That statute created a regulatory agency with authority to set
cost-based rates. She related that the reason agencies like the
RCA exist at all is because utilities and, in some cases,
pipelines are monopolies. Therefore, regulation is necessary to
ensure that prices are fair. Agencies such as the RCA are
thought of as a replacement, economically, for the market, which
doesn't exist in monopoly services like utilities. "It's the
responsibility of the regulatory agency in this context to look
at the costs of the pipeline, or the utility, the cost of
building the pipeline, and provide them a reasonable opportunity
to recover their investment," she explained. The agency must
review the ongoing costs and the original cost of construction
in order to determine how the entity can recover a return on its
investment, all of which is factored into the rates.
MS. THOMPSON said, "There isn't a perfect answer to rates."
However, under the law there is a zone of reasonableness for
which there is considerable case law across the country. The
case law specifies that compensatory rates are those that aren't
less than compensatory. In other words, the [pipeline
owner/investors] are allowed a reasonable opportunity to recover
costs "and they're not excessive." Therefore, RCA's role is to
review the detail of the costs and strike the balance. Ms.
Thompson added that AS 42.05 addresses affiliate costs, which is
applied to pipelines and utilities in Alaska.
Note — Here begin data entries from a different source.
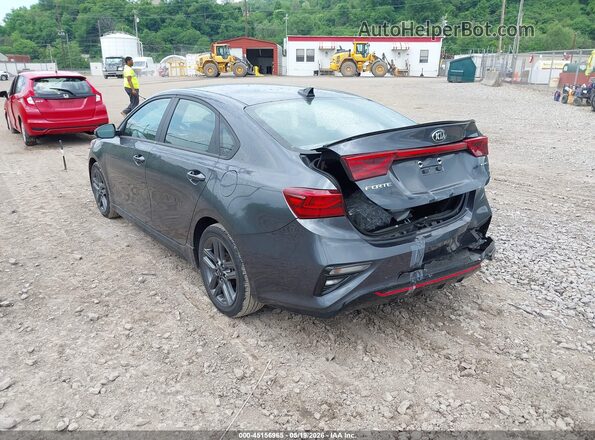 3KPF34AD5ME407755 2021 KIA FORTE Gray Tył lewy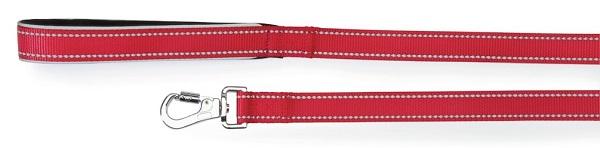 Camon Guinzaglio Con Maniglia In Neoprene E Cuciture Reflex Rosso 1,5x120cm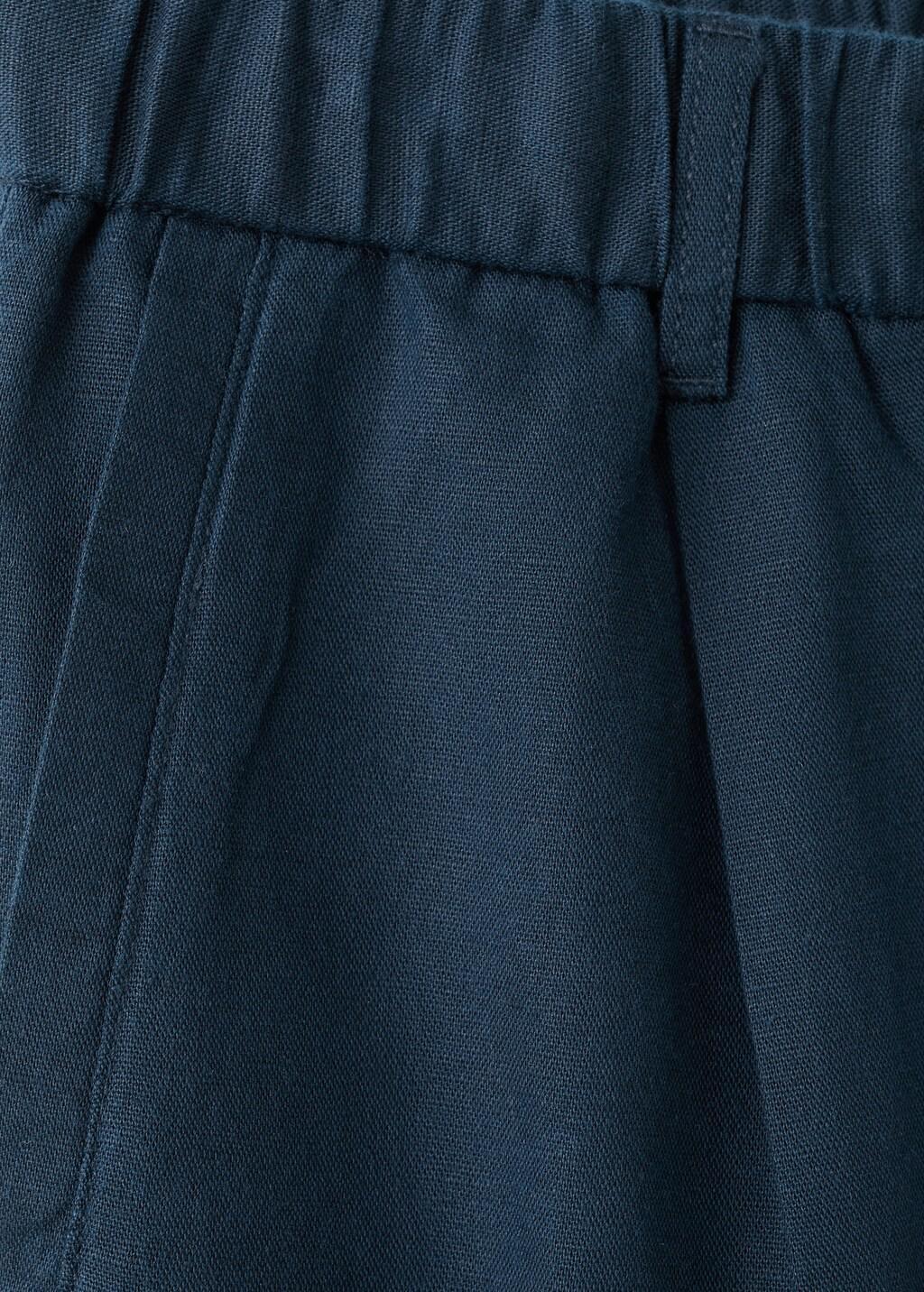 NAVY Slim fit cropped linen-cotton trousers, 0201_56, large image number 5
When some of the
costs included in the operations or construction of a pipeline
are incurred by an affiliate, this statute ensures that the
pipeline rates don't include any costs higher than would've been
paid if those same services were performed by a third party.
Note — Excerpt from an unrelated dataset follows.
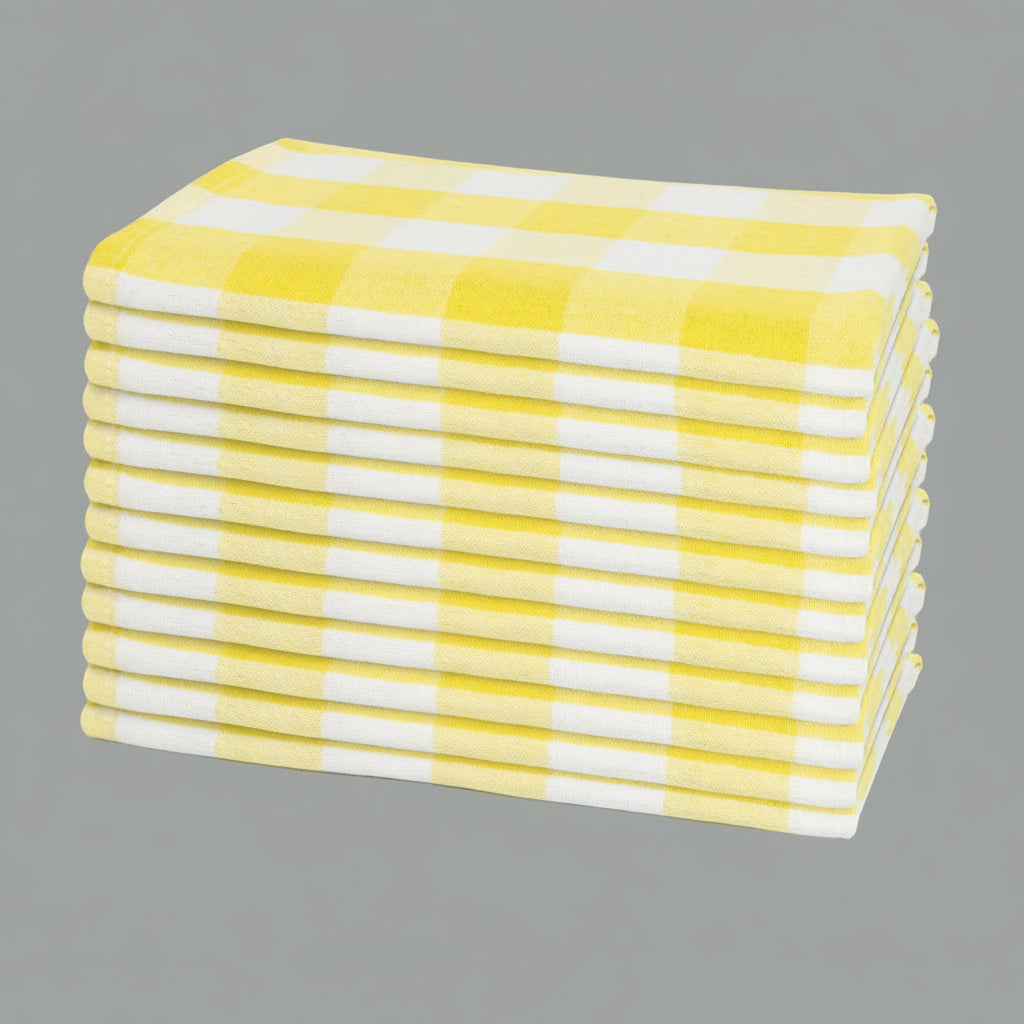 Plaid Dinner Napkins—100% Cotton (12 Pack)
MS. THOMPSON informed the committees that the RCA uses a formula
to determine rates for a utility or pipeline. Basically, the
return is determined by reviewing the capital structure, the
cost of debt, and a risk adjustment if that's appropriate. That
return is multiplied by the rate base, which is what it costs to
build the asset minus depreciation. Then, the aforementioned is
added to the operating expenses, depreciation, and taxes.
Therefore, a rate case before an agency like the RCA is lawyers
and experts presenting evidence with regard to what the numbers
that get plugged into that equation should be. Therefore, the
RCA uses the formula consistently to ensure that the rates are
just and reasonable. She said, "It's really the determination
of what those different inputs are that's the challenging part
of a rate case." She provided an example. On depreciation,
utility [owners and pipeline owners] are entitled to recover the
costs they put into building the asset. Therefore, questions
arise regarding the time period [of recovery] and the schedule
[of recovery]. The RCA reviews what is going to be fair to the
shippers, now and in the future. If all of the costs are
recovered early in the life of the pipeline, then arguably the
earlier shippers bear more of the burden than the later
shippers. However, if much of the costs are recovered early,
then what incentive will the pipeline owners have, in later
years, to continue to operate the line, she asked. She
highlighted that it's not uncommon for the expected life of a
pipeline to change over time.
MS. THOMPSON turned to the litigation history of TAPS, which she
suggested would probably be a good case to understand while
contemplating the gas [pipeline]. She informed the committees
that when the pipeline was constructed, there was a lot of
dispute regarding what rates would be charged for shipment on
it. The legislature became involved in hearings, and there was
much fact-finding before the RCA. Litigation, in several
different forums, went on for about 10 years when the parties
settled. The aforementioned resulted in what's know as TSM, or
the TAPS settlement methodology. Due to the statute that
specifies the regulatory commission has a responsibility for
just and reasonable rates, it was presented to the agency for
approval. The APUC [Alaska Public Utilities Commission], as the
RCA was named at the time, accepted the TSM. "They didn't
approve it - they accepted it," she emphasized.
Number 0501
MS. THOMPSON added:
They said ..., "All the parties who are here before us
today are telling us this is a good idea, [and] we're
not going to take the time" for whatever reason "to do
the type of analysis we normally do to ensure that the
rates are cost-based; we're going to accept this
settlement [because] the parties agree." It was an
efficiency decision. But they said, "If there's ever
a protest, we're going to have to revisit this ...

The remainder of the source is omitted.